- Supplied data
# # # #
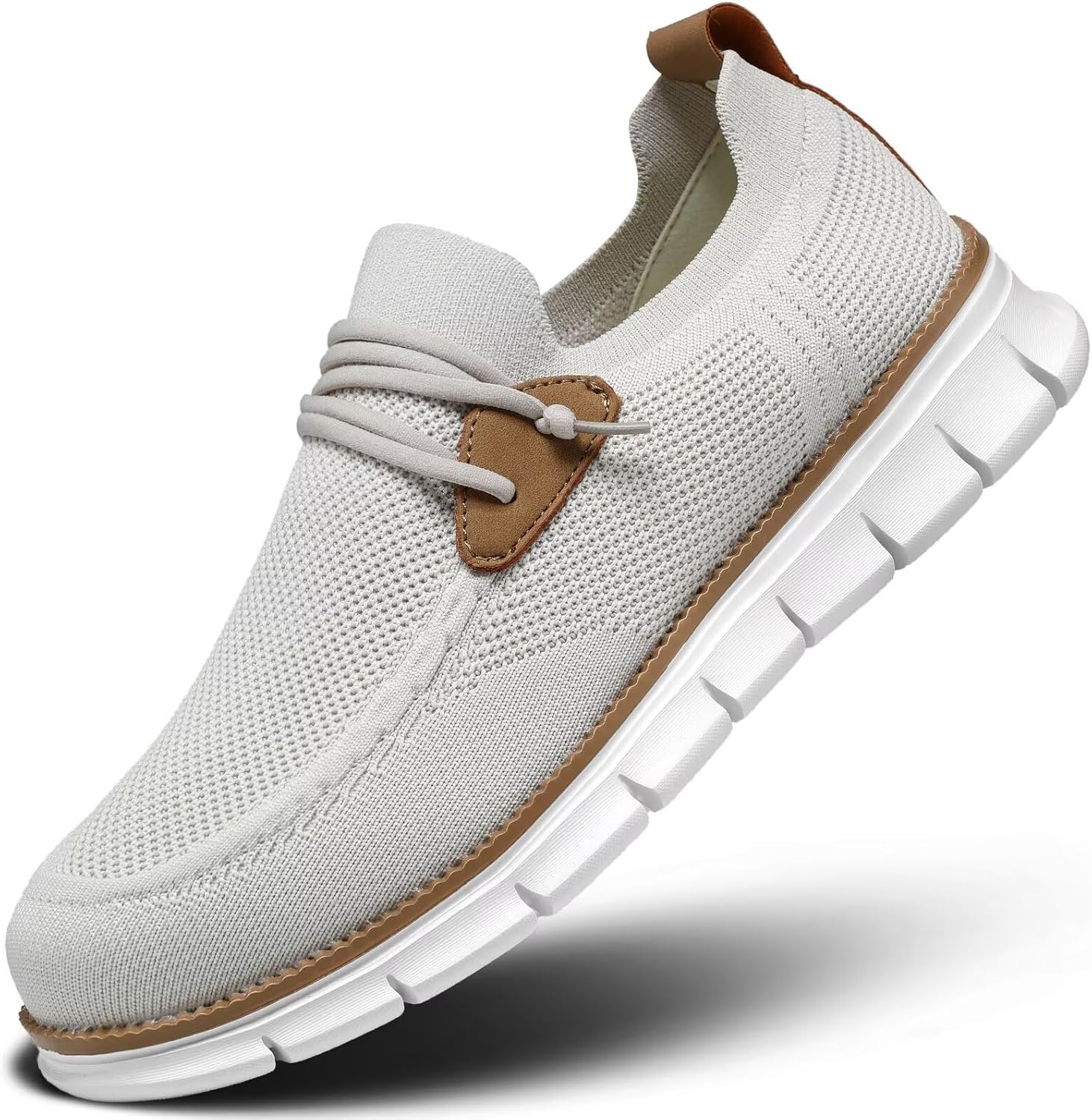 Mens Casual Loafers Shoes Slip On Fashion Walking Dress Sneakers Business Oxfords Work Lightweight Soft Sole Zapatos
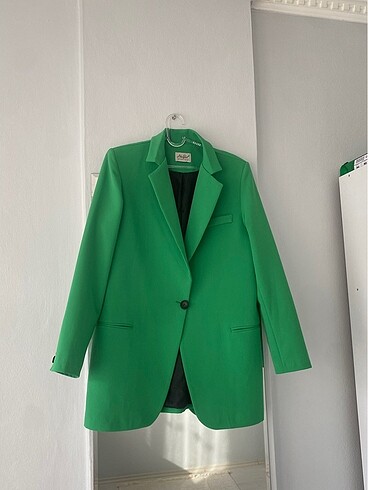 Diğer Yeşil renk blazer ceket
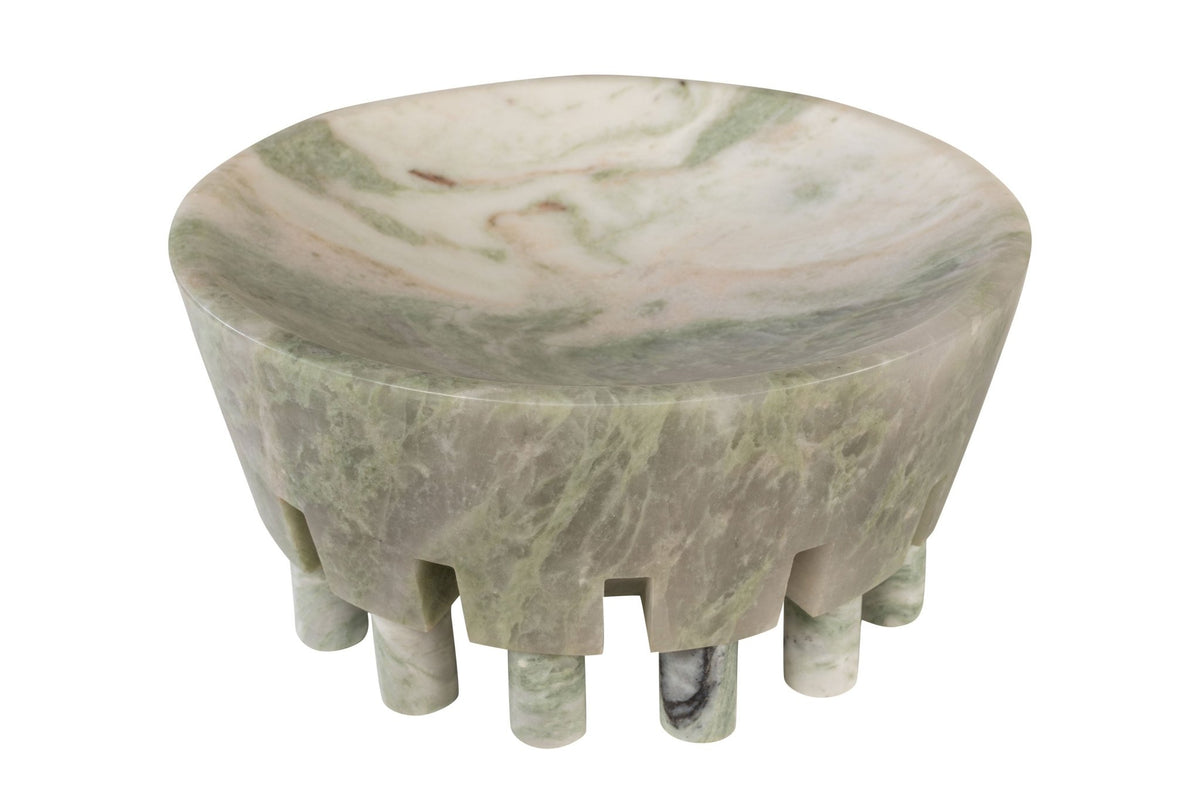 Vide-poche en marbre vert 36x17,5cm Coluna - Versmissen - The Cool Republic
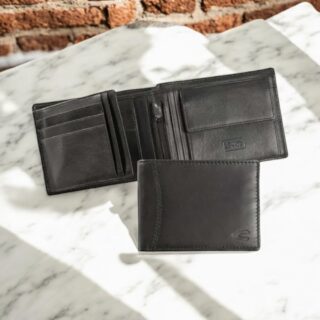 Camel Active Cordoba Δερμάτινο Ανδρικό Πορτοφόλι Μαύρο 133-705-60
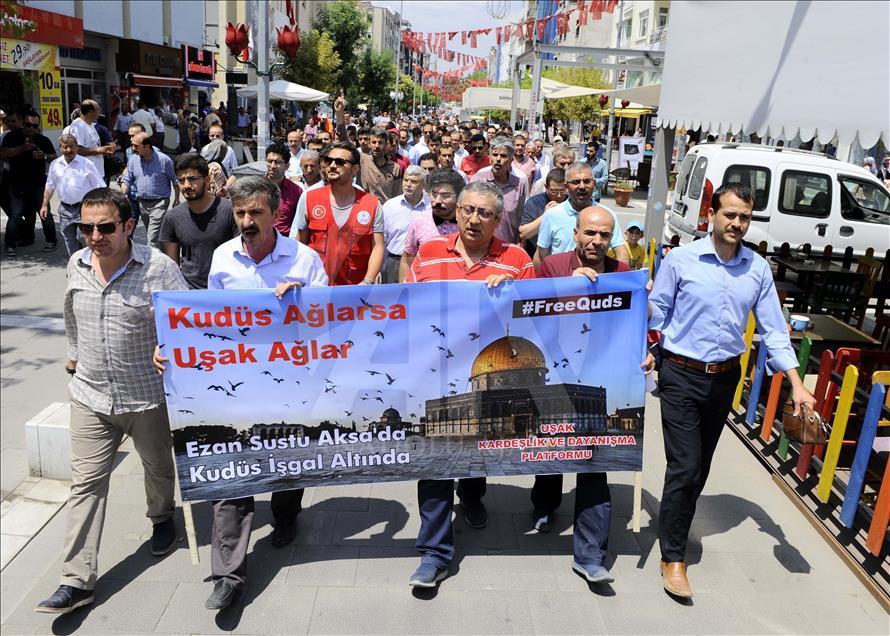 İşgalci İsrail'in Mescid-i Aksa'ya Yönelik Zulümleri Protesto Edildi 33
# # # #
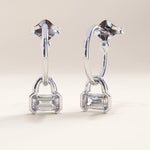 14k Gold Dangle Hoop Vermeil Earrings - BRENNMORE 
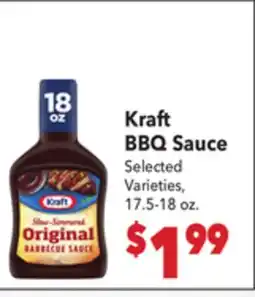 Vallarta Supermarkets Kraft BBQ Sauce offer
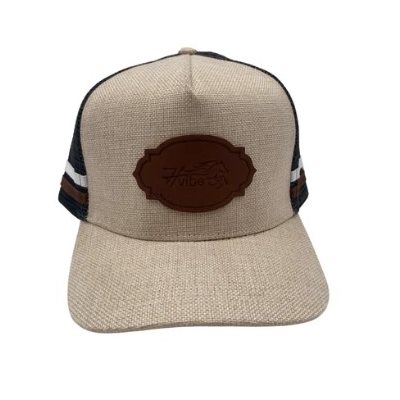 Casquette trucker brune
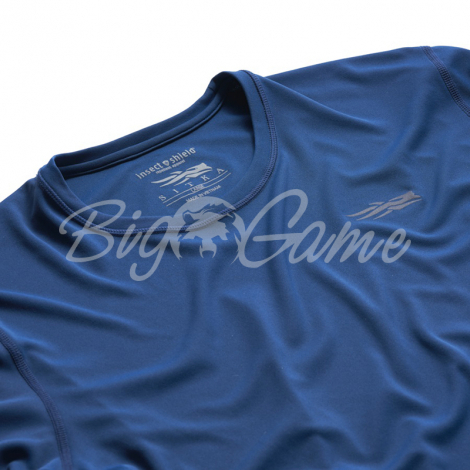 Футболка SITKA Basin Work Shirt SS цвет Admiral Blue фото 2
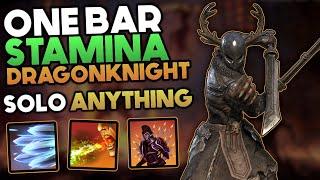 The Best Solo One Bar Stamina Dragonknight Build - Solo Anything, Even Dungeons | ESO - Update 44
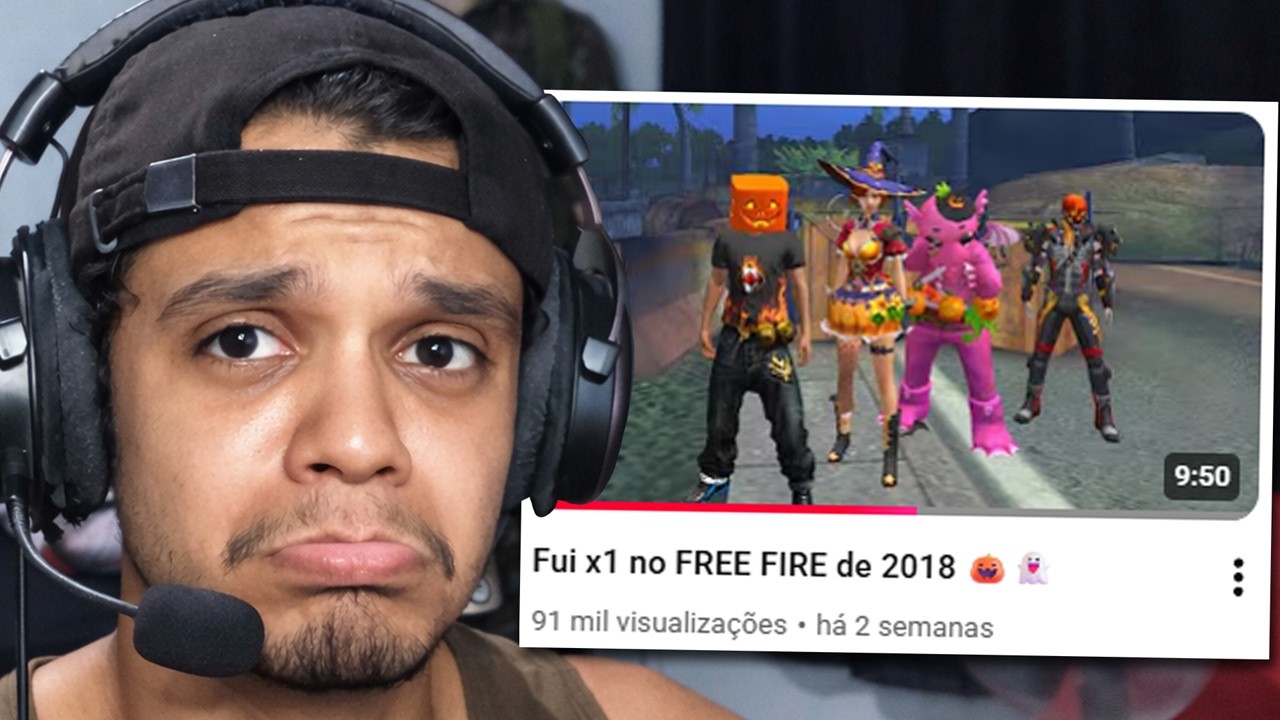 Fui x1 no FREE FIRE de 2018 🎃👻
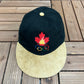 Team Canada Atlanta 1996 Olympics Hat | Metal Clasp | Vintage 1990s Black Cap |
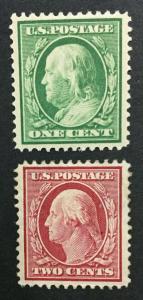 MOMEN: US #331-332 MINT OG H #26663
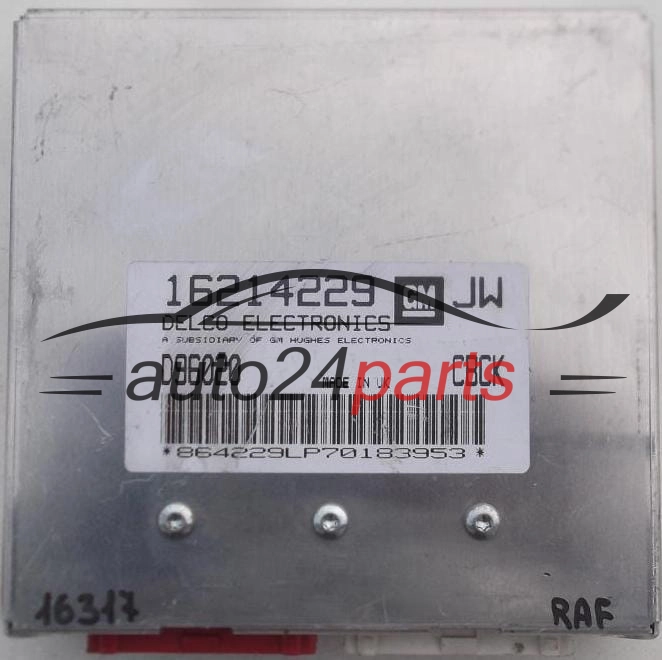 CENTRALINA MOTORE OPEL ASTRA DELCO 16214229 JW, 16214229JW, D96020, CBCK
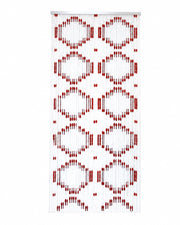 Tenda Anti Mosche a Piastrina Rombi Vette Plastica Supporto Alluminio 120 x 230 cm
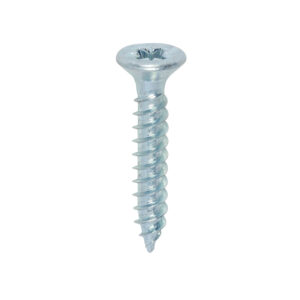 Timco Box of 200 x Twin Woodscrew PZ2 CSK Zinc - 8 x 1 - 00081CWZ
# # # #
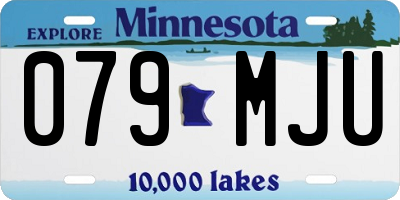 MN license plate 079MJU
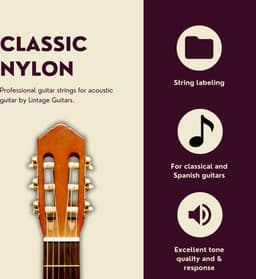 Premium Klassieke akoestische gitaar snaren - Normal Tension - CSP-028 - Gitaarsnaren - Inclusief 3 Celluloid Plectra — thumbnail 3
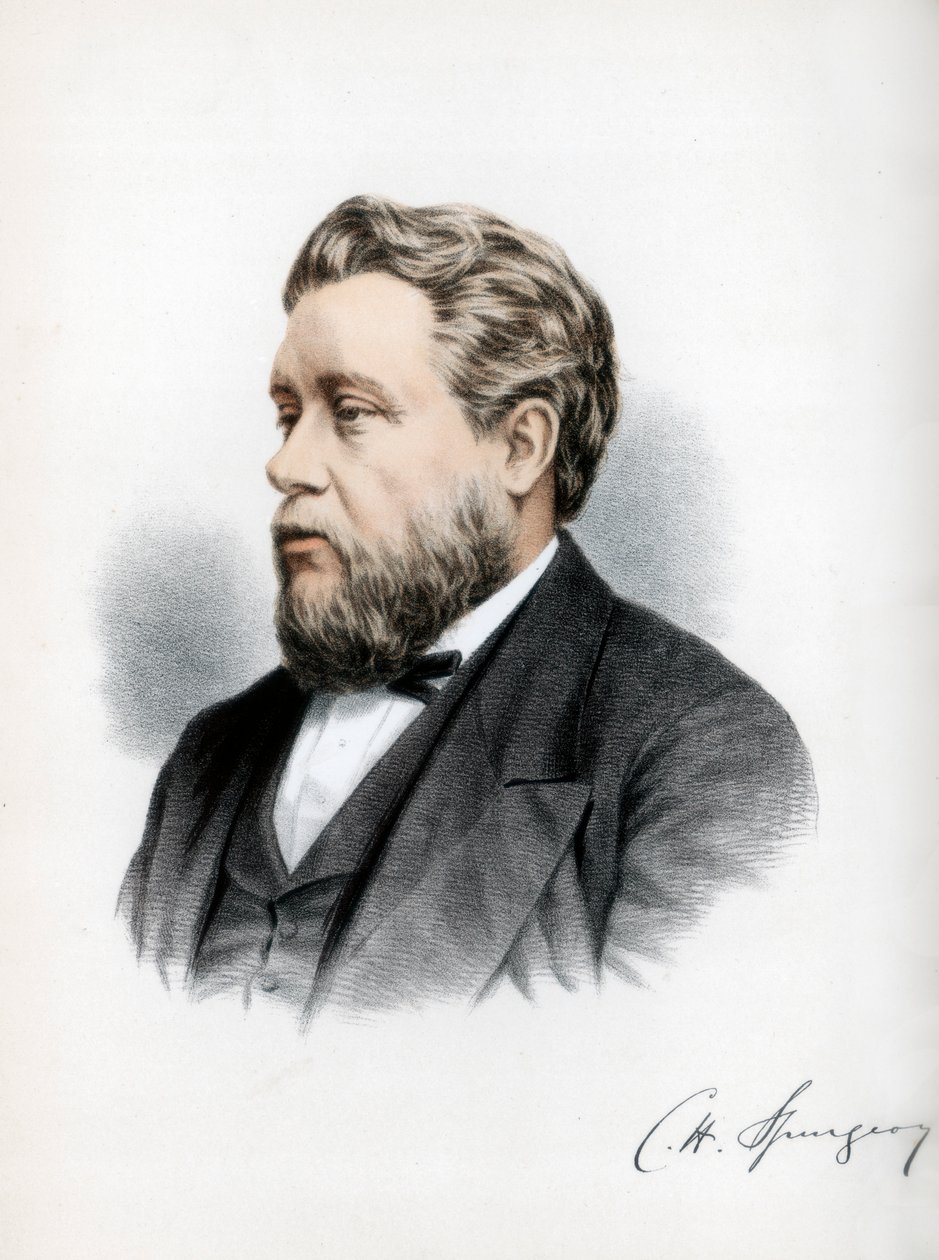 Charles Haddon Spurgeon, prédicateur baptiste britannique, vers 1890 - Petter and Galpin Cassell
# # # #
- The task
A verbatim reproduction is expected: starting at the line above that has "Mens Casual Loafers", ending at the line that has "İşgalci İsrail'in Mescid-i", both included, and with no pictures and no other lines.

- Task response
 Mens Casual Loafers Shoes Slip On Fashion Walking Dress Sneakers Business Oxfords Work Lightweight Soft Sole Zapatos
 Diğer Yeşil renk blazer ceket
 Vide-poche en marbre vert 36x17,5cm Coluna - Versmissen - The Cool Republic
 Camel Active Cordoba Δερμάτινο Ανδρικό Πορτοφόλι Μαύρο 133-705-60
 İşgalci İsrail'in Mescid-i Aksa'ya Yönelik Zulümleri Protesto Edildi 33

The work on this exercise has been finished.